There are many factors, mainly including mobile phases, column types, column temperatures, wavelengths, and the performance of chromatograph. These differences may cause errors in the final results.
- What could be the cause of frequent baseline drift? How to solve it?
It is the main cause of baseline drift in reversed-phase separation that gradient elution with a fixed TFA concentration will lead to a shift in the absorption baseline at 210-220 nm. It is suggested to make the detection wavelength as close to 215 nm as possible to reduce or eliminate the impact of baseline drift caused by the absorption spectrum changes of TFA. In addition, the baseline drift can be compensated by adding 15% less TFA in solvent A compared with solvent B. For example, if the concentration of TFA in solvent A is 0.1%, 0.085% of that is recommended for solvent B.
- How to remove TFA, acetonitrile, and other impurities in the mobile phases from the final products after purification by reversed-phase chromatography?
The lyophilization might be the simplest and most effective way to remove most of TFA and acetonitrile, as long as it does not exceed the tolerant range. However, this method can not meet the requirements of some peptide drugs which have a high demanding of TFA amounts. Special salt conversion and desalting should be conducted with them.
- What are the general salt forms of peptides? How to convert the salt forms or desalt?
Most peptides are purified under the TFA systems, so TFA salts are the most common form, followed by the forms of acetate and hydrochloride, and very few peptide drugs are in the special salt forms. Ion change and HPLC are the most common methods for salt conversion, while G25 (a dextran gel from GE Healthcare) column can be used to desalt.
- Does TFA only be used to adjust pH in the buffer? The higher the TFA concentration, the more severe the baseline drift. Does it mean that the lower concentration of TFA if the pH of buffer allows, the better?

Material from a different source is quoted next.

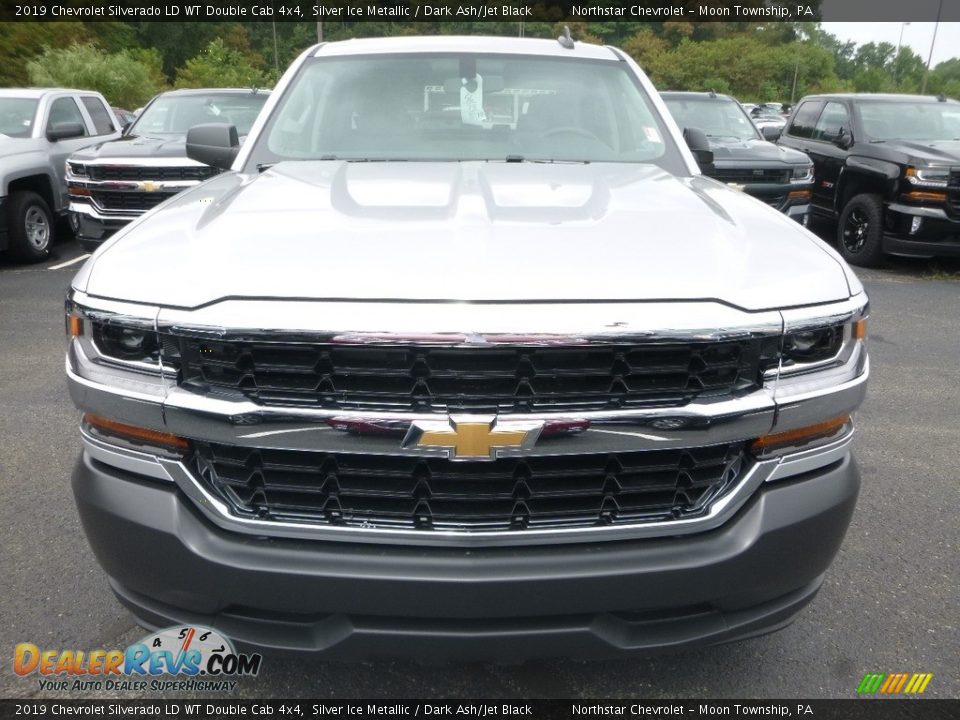 2019 Chevrolet Silverado LD WT Double Cab 4x4 Silver Ice Metallic / Dark Ash/Jet Black Photo #8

- TFA can act as an ion pair, and the concentration is usually around 0.05-0.1%. Too high a concentration will make the solution too acidic, which may affect the usage time of the column.

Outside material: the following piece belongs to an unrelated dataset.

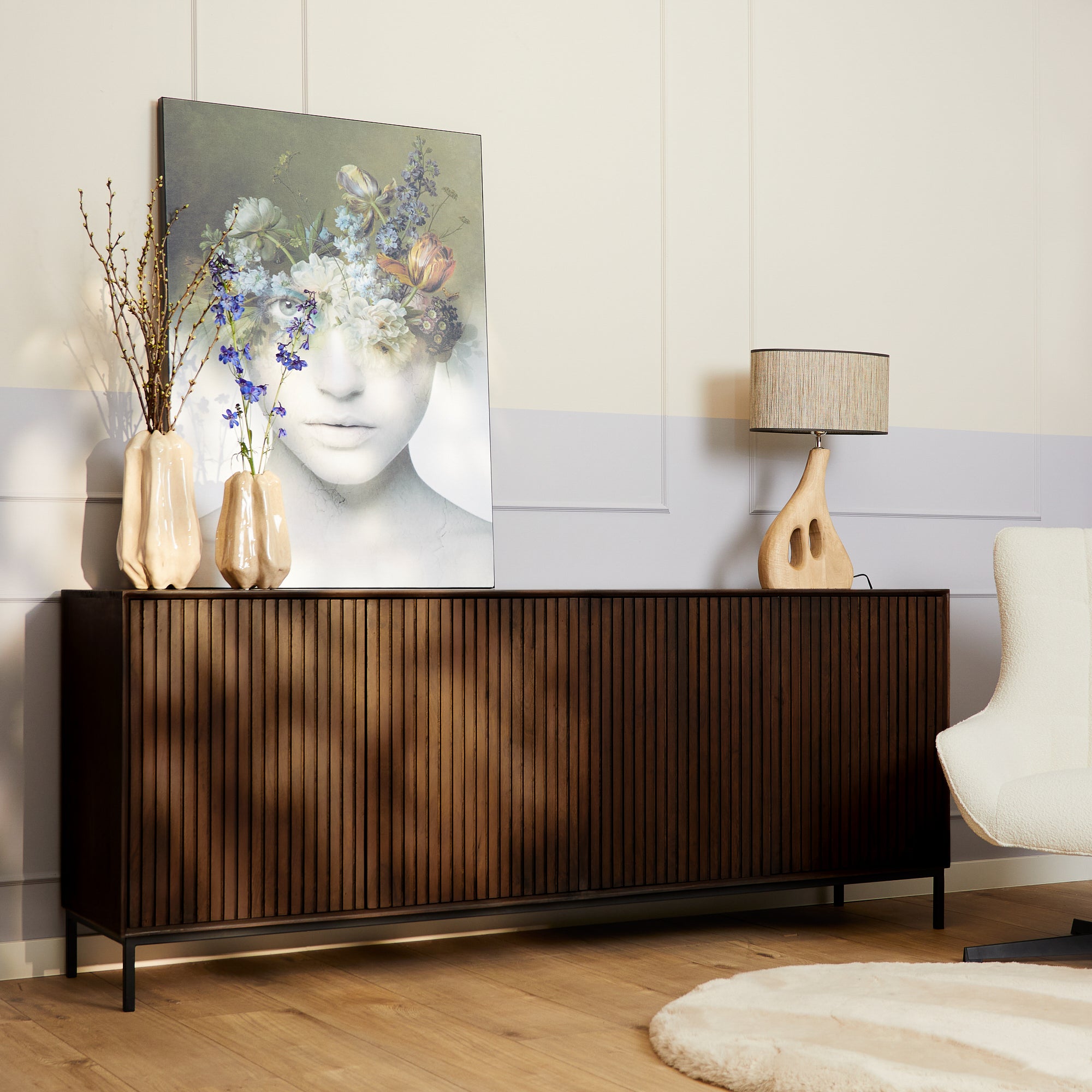 Dressoir Madison Brown | 210 cm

- Meanwhile, TFA can inhabit the silanol groups on the surface of silica gel, and improve the peak shapes of basic compounds. If the separation is sometimes not good when using 0.1% TFA, 0.2% TFA can be tried, but it is necessary to flush the column immediately after use.
- When in the gradient elution, it has little impact on the preparation because of baseline drifts.

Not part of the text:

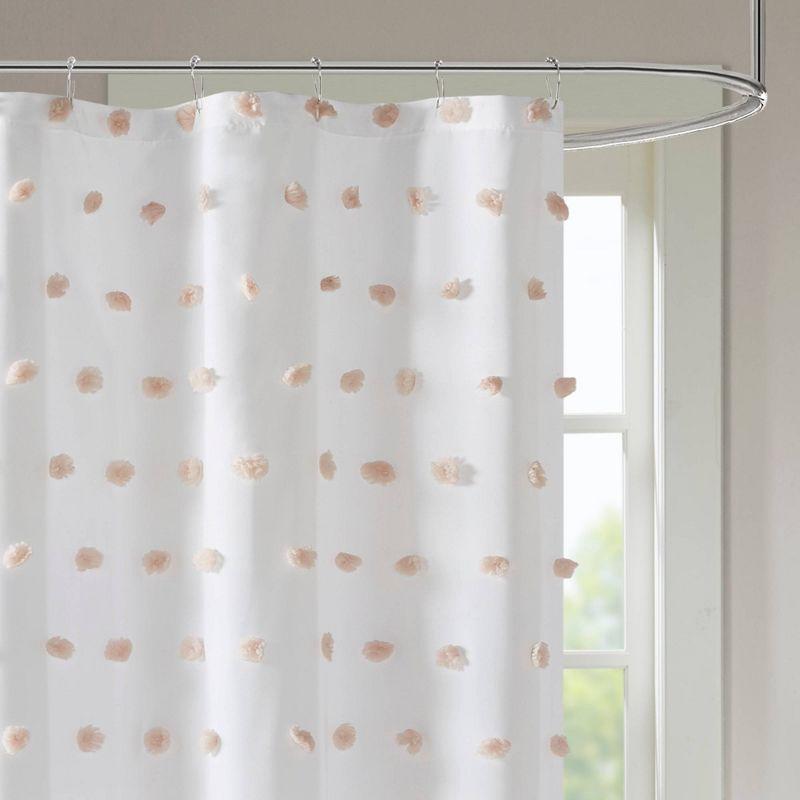 Polka Dots Single Shower Curtain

- Why do peptide samples need to be pre-treated before loading on the preparative columns? What are the preparative methods?
Preparative columns are more likely to be contaminated because they deal with more samples compared with analytical columns. Therefore, it is necessary to pretreat the samples to extend the usage time of the column. There are five main methods: filtration, centrifugation, pre-column, and online filter.